All About The Benjamins
If you can get currency for free, why bother substituting currency for something else within your holdings? This attitude has driven America's recovery since the recession (or the lack thereof, depending on your economic stance) by offering bargain-bin lending rates across the board in order to facilitate more spending and more confidence in an ailing greenback. The plan has worked all too well: the dollar index enjoyed steady gains from 2010 through 2014 but has positively hit the ground running through 2015, gaining twenty percent growth in the past twelve calendar months. The Federal Reserve, who dictates the value of the dollars in your pocket like some benevolent financial dictator, will certainly have to raise interest rates in the immediate future in order to counter a prolonged period of flat currency, similar to Japan's ailing yen over the course of the past decade. Yet the Fed wants the dollar to enjoy being the prettiest girl at the dance for as long as possible, as the Euro faces its toughest challenge while the ruble and yuan positively collapse. This blasé financial policy has had harsh consequences for gold. Why, after all, should investors want a hedge against inflation when the Federal Reserve shows absolutely no enthusiasm for inflation?

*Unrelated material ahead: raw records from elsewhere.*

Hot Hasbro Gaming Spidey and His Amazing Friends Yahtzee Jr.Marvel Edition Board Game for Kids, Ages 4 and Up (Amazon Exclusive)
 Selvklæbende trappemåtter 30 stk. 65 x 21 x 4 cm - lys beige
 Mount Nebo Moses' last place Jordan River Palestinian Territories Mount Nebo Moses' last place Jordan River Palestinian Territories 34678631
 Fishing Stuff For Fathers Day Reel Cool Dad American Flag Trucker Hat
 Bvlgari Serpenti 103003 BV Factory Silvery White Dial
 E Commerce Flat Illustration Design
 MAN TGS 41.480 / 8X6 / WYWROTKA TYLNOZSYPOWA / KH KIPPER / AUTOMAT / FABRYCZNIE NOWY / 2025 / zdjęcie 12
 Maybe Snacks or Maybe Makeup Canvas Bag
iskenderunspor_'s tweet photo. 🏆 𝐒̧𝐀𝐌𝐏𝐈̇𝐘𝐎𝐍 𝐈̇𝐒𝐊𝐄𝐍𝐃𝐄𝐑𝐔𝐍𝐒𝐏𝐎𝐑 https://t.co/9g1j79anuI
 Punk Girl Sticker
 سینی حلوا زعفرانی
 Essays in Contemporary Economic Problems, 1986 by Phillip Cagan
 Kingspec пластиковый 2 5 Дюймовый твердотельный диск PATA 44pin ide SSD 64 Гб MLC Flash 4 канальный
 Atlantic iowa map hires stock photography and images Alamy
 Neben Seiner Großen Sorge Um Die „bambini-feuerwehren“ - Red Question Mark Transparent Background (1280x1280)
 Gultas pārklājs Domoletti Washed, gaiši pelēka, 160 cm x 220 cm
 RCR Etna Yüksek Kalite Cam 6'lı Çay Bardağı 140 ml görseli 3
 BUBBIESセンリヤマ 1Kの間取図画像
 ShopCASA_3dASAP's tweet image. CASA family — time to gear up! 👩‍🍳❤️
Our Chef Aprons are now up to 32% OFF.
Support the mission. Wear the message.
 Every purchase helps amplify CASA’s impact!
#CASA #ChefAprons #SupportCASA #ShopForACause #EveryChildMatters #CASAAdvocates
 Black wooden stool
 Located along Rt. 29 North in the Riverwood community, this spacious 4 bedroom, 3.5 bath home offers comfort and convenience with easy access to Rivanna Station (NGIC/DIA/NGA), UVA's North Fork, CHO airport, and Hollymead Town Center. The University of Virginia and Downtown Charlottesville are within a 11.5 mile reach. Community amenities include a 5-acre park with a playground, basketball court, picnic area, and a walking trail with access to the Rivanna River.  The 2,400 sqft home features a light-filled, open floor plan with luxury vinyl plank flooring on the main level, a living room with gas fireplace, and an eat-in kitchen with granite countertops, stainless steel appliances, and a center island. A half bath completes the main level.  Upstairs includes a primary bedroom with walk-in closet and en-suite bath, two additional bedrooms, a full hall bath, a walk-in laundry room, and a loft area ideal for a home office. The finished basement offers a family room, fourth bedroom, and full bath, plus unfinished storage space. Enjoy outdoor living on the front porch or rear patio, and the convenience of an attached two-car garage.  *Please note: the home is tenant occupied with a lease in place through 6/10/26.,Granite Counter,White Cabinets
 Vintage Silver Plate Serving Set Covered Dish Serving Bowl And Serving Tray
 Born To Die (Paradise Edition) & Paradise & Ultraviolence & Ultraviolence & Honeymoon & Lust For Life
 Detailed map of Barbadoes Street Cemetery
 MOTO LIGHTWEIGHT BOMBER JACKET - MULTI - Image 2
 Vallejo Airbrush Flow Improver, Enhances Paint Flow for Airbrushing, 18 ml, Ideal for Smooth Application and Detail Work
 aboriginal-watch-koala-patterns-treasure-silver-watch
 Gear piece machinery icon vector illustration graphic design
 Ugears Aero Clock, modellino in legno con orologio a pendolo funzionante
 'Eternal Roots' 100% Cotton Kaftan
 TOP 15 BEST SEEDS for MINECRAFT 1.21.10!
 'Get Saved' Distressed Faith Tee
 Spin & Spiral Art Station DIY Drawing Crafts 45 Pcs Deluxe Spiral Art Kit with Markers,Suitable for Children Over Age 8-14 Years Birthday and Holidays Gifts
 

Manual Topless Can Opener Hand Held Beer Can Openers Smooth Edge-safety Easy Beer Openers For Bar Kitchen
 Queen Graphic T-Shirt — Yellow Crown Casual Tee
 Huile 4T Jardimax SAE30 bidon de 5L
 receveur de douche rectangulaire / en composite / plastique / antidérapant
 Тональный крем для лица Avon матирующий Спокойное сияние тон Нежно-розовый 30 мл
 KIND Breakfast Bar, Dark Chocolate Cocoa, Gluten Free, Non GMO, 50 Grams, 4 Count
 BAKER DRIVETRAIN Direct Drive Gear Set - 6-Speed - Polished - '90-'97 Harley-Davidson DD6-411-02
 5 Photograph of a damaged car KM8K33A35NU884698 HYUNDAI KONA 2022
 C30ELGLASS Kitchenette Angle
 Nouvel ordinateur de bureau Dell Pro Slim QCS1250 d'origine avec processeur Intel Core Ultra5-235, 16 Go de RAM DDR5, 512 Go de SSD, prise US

The numbers speak for the performance of gold through 2015. The Comex division of the New York Mercantile Exchange traded troy ounces of gold for delivery in August, the most common mechanism for investing in gold commodities, at the bottom-barrel price of $1106 per ounce last week. That represents the lowest cost for gold futures on delivery since March of 2010. The news gets worse for precious metals bulls: silver dropped even lower, hitting six-year lows, while platinum dipped below $1000 per ounce for the first time since 2008. What's powering the downward shift for gold? While the Greek exit remains a big topic of conversation, the failure of the Greeks to maintain a Eurozone economy actually means good things for gold, since more investors will shuck the Euro in favor of metals as Greek currency woes push portfolios to look for currency hedges. Rather, the focus on gold stems from domestic disputes, specifically Janet Yellen's policy of fiscal appeasement and her frequency for betraying what must be the absolute worst poker face in the entire world. As Yellen's public response to interest-rate hikes turns from suggestive to definitive, much as a college student's job search becomes far more series as graduation approaches, gold represents the least welcome asset in a portfolio that will suffer from a market looking for higher-yield assets to compensate for poor overseas purchasing power.
Good Gold News, Of Sorts
Gold investors need not gnash their teeth and throw their holdings out the window. Gold represents a superior investment through 2015 than many of its competitors, especially as regarding securities. The gold/silver ratio, for instance, has climbed through almost all of 2015, suggesting that gold (and especially gold ETFs) outperformed silver by a massive margin. Standing at above 80 after spending most of the past five years below 70, the momentum swing suggests that investors trust gold more than they do silver, though the market results indicate that neither confidence runs deep. The sharp drop of mid-July indicates that a large fund sold off their gold at the right moment needed to take advantage of low liquidity, triggering a chain of sell-offs that made gold drop by nearly fifty dollars per ounce at its worst point of the trading day. The good news lies in the quick stabilization of the metal: though gold dipped below $1100 per ounce, it almost immediately shot back up as investors saw a clear option for short-term growth by buying low. This, as such, raises the question of whether investors see any long-term growth in gold. Alas, much of the picture looks grim. Phillip Capital issued a memo to investors declaring there to be "no reason" to get into gold, urging them not to purchase metal due to a lack of recovery during Q3 and beyond. While this represents a drastic step, since there's ample reason to get into gold including mammoth deals by foreign entities to boost their holdings, it's a guideline for the shorter term since the gold/silver ratio indicates that gold is, if anything, too high despite the ongoing loss of value. Investors should carefully consider the risk factors and then consider gold in the near future as prices continue to depress. Short-selling gold, especially for delivery in September and interest rate hikes, allows for investors to reap some gains from all the gold losses, though they will have to put up an unattractive initial margin to find an investor with whom you can tango. In the meantime, wait weeks or even months to buy gold, since its growing pains have not yet began to fade out.